For Immediate Release
Mill Spring, NC – August 6, 2019 – Tryon International Equestrian Center at Tryon Resort welcomed 24 athletes participating in the USHJA Emerging Athletes Program Regional Training Session presented by the Lindsay Maxwell Charitable Fund, hosted July 29 – August 2. Participants spent five days receiving mounted instruction from clinician Jeff Cook that focused on flatwork, gymnastics, related distances and course work, in addition to receiving coaching on grooming, horsemanship skills, and barn management from Veterinary Technician and Certified Equine Rehabilitation Practitioner, Anne Thornbury. View candid photos from the week and hear from each clinician below.

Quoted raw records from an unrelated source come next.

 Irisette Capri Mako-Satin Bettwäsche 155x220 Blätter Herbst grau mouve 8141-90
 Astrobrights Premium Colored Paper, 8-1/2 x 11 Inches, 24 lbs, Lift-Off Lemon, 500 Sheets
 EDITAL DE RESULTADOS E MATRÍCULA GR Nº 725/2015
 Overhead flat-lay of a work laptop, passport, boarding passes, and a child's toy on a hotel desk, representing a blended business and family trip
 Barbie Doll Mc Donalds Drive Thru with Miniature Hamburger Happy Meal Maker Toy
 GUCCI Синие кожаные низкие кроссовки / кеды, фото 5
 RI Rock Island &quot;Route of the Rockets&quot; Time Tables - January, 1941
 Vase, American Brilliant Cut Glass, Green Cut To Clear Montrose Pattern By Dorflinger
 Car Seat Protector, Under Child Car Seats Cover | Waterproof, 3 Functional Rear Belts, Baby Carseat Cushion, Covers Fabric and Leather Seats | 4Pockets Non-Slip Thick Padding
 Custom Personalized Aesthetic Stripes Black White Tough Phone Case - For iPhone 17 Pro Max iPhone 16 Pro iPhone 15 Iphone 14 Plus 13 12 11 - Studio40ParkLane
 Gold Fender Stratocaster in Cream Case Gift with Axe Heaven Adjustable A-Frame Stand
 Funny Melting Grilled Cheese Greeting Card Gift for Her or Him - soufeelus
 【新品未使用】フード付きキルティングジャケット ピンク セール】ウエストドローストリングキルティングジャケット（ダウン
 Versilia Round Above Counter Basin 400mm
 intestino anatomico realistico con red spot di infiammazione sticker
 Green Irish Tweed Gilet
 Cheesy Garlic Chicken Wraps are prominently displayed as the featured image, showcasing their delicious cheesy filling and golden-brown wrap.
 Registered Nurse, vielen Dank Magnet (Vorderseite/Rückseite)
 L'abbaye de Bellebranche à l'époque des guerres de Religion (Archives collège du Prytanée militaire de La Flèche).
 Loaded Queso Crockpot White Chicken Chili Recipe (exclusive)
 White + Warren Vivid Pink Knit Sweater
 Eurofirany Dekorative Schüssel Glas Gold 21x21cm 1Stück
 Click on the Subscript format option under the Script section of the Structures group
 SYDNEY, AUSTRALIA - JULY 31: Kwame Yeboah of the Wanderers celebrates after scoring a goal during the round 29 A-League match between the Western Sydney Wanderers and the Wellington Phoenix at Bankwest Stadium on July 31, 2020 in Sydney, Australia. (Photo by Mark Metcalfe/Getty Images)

“The purpose of this program is to open eyes and open doors,” stated Thornbury, who has been sharing her wealth of knowledge and expertise with EAP participants since 2012. “It [EAP] opens the kids’ eyes to all the things they need to learn about being horsemen and all the opportunities there are besides just riding in the horse industry.”
Thornbury went on to explain the difference between a rider and a horseman, something she stresses to her students: “Riders might be able to find distances on a horse that’s correctly prepared, but not know one thing about what it ate, what it drank, what was its mood… [but] horsemen want to know everything there is to know about their horse. If you want to be the whole package, a really good rider has to know their own horses. It’s all about the horse. The horse always comes first, no matter what. Their safety and care come before what those kids want to do. I hope that their takeaway is that no matter what, the horse’s comforts are met before their own, and that they appreciate everything their horse does for them. You can’t do it without them.”
Cook focused on improving the riders’ basics and fundamentals this week. “Hopefully with the aids and their position improving, they can do things in such a way that things just happen easier and are a lot more enjoyable for horse and rider.”
Cook continued, “You don’t stay the same. You either get better or worse, and as long as you’re at it [riding], you have to keep trying to learn. For example, there was a moment in that last session where a student lengthened the rein a little and [I really noticed] the difference in the horse’s back legs. We’re always looking to learn.”
Although some participants enter the program just for the experience, many have professional aspirations and hope that the program will open doors to new opportunities and serve as a pathway to success. “Those kids [who want to be professionals] can come to us and we’ll mentor them and find places for them to go,” Thornbury continued, naming several top professionals who were EAP graduates, such as Jacob Pope and Carly Williams. “For kids that want to make something out of riding, it’s a great step up for them,” Thornbury emphasized.
Both clinicians were first-time visitors to TIEC, and had high praise for the facility. “I’ve never been here before, so I was thrilled to see it since I live in eastern Oregon,” Cook continued. “The arenas and the footing, which are both very important, are excellent.”